Two-way trade between Ireland and Poland is now worth €6 billion, an 18% increase since 2020, when the pandemic was at its height.
Irish exports account for two-thirds of that sum, making Poland the 14th largest destination for Irish products abroad.
Enterprise Ireland, the government agency that supports Irish firms in foreign markets, has reported a 29% year-on-year increase in the volume of exports to Poland by companies it represents, accounting for €390 million.
Exports to the Czech Republic, a much smaller market than Poland, grew by 23% in the same period.
Enterprise Ireland's Warsaw office currently represents 260 Irish firms that export to Poland, and 60 of those now have a local presence in the country.
"What attracts businesses is the scale of the market and the ease of doing business here," Kevin Sherry, Executive Director at Enterprise Ireland told RTÉ News.
"Irish companies are not just doing business here. They are also putting feet on the ground," said Mr Sherry.
More than 20,000 people are employed by Irish companies in both Poland and the Czech Republic.

Irish construction and engineering companies were some of the first to venture into Poland's nascent free-market economy in the 1990s.
Recently, however, Irish agri-tech, lifesciences and cybersecurity firms have opened operations in the country of 39 million people.
Building on the increased trade volume, Minister of State for Trade Promotion Dara Calleary visited the Polish offices of three Irish companies this week: agri-tech company JFC, engineering firm PM Group, and ICON, a clinical research firm.
It was part of a two-day trade mission by the minister to Poland and the Czech Republic – the first to the two countries since 2018.
Speaking to RTÉ News, Mr Calleary said that the businesses he visited were "very focused on the future", and that there was a "great affinity and loyalty to Ireland" among Polish people who had worked in Ireland.

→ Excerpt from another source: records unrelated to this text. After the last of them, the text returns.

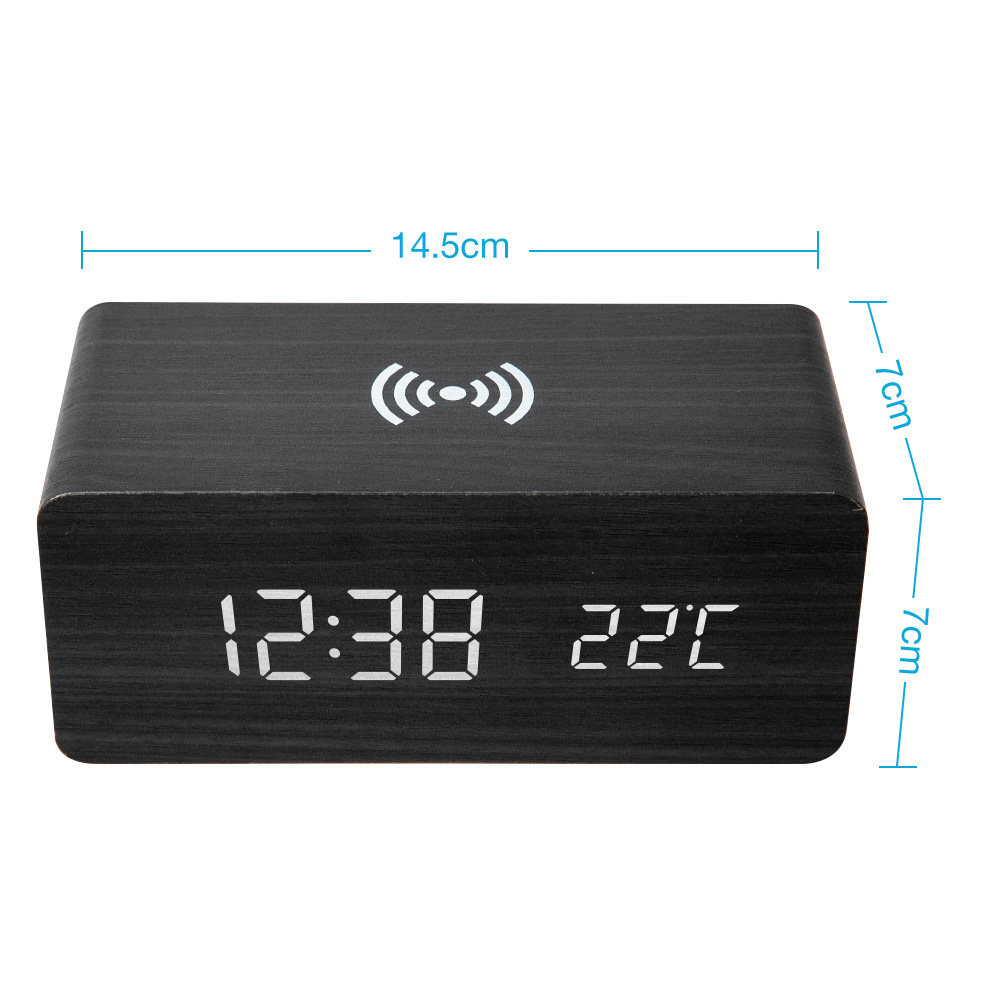 Wooden Alarm Clock With Qi Wireless Charging Pad Compatible With For Iphone Samsung Wood Led Digital Clock Sound Control Funct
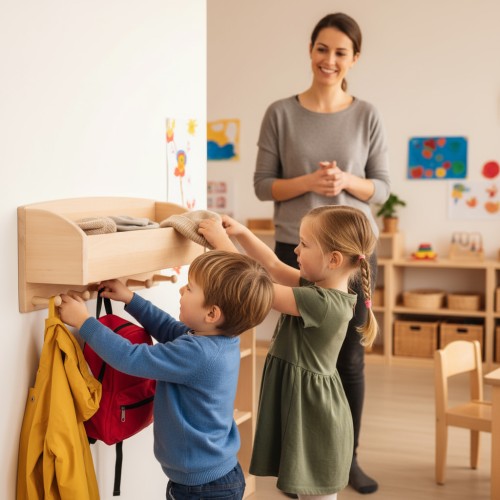 Montessori Garderobe: Pädagogische Szene der Kindergarderobe in der Kita. Zwei Kinder nutzen selbstständig die Garderobe, die Ablage enthält Mützen. Erzieherin im Hintergrund. Montessori Garderobe: Pädagogische Szene der Kindergarderobe in der Kita. Zwei Kinder nutzen selbstständig die Garderobe, die Ablage enthält Mützen. Erzieherin im Hintergrund.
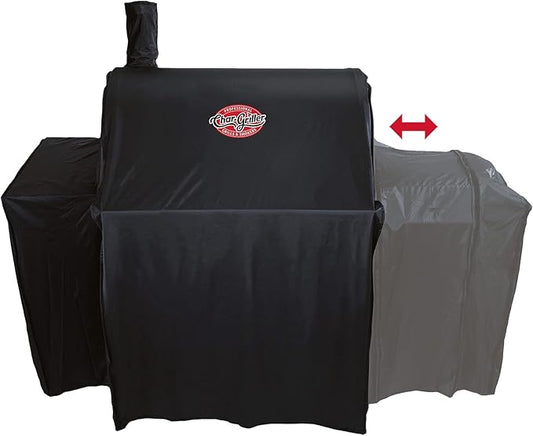 Char-Griller® Durable Polyester Grill and Smoker Cover with Waterproof Material, PVC Lining, and Extendable Design in Black, 46"L x 23"W x 48.5"H, Model 5555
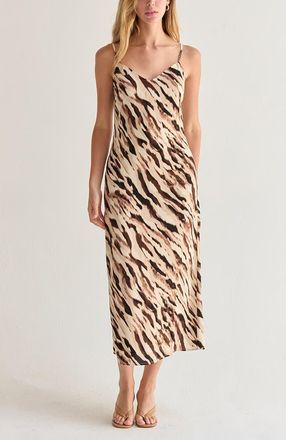 Crescent Abstract Animal Print Midi Slip Dress in Brown at Nordstrom, Size X-Small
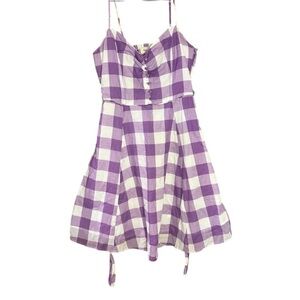 Heritage 1981 Cotton Purple and White Sleeveless Casual Sundress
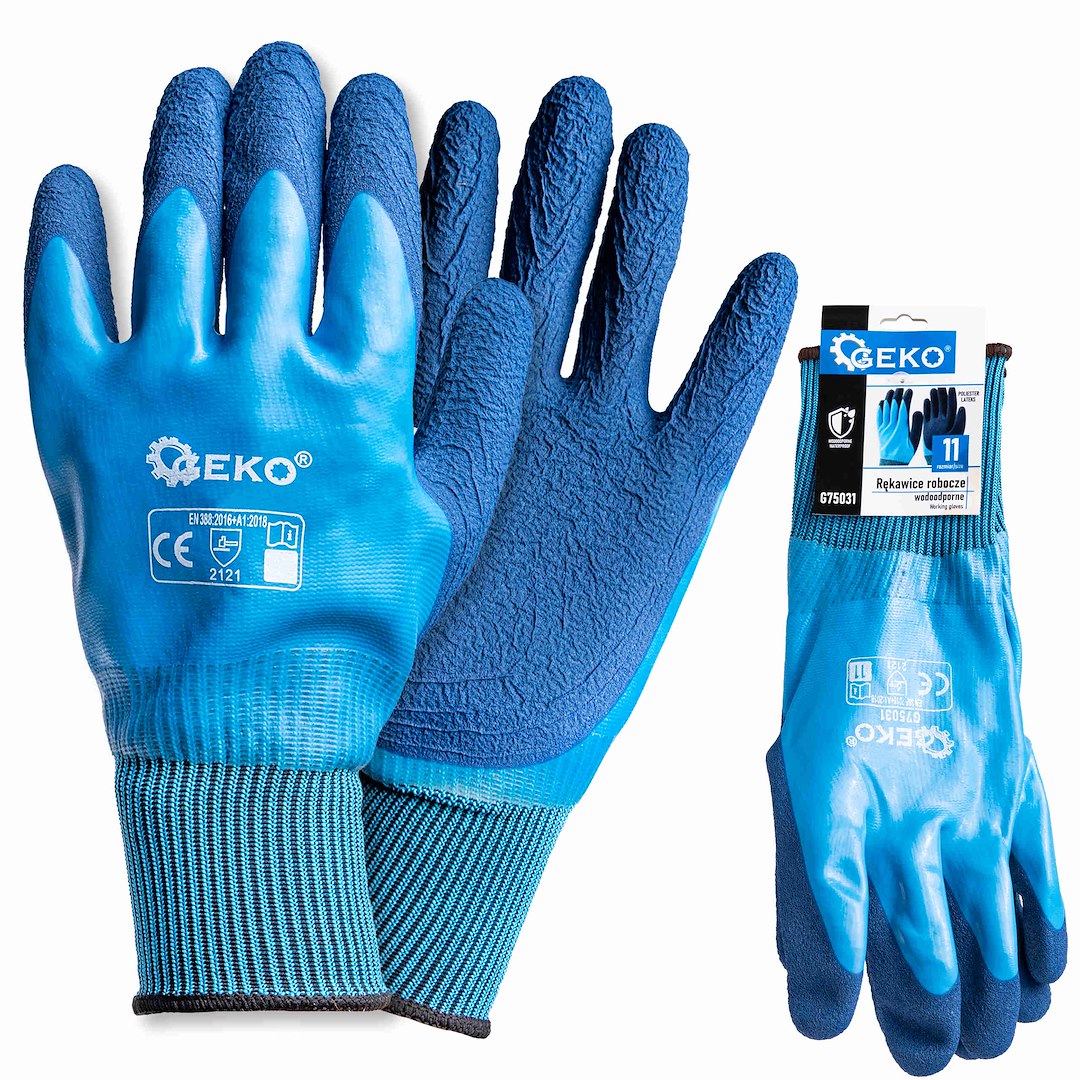 Waterproof work gloves, size 11 (polyester - latex) – Pack of 12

According to the 2016 census, 122,500 Polish nationals were resident in Ireland. The Irish Embassy in Warsaw estimates that there could be as many as 200,000 Poles now living in Poland who had previously lived and worked in Ireland at some stage.
Such a large diaspora has helped forge business links.
Some of ICON's senior management in Poland began working with the company in Ireland. The clinical research firm, which worked on Covid-19 vaccine trials, employs more than 1,100 staff at its Warsaw and Gdansk offices.
There is a growing appetite for Irish food and drink exports in the region too.
In 2017, Bord Bia opened an office in Warsaw to oversee exports in 11 central and eastern European countries. Kerrygold, for instance, is available in many Polish supermarkets.
Last year, Irish food and drink exports to Poland, the region's largest market, grew by 44%, tallying almost €200 million.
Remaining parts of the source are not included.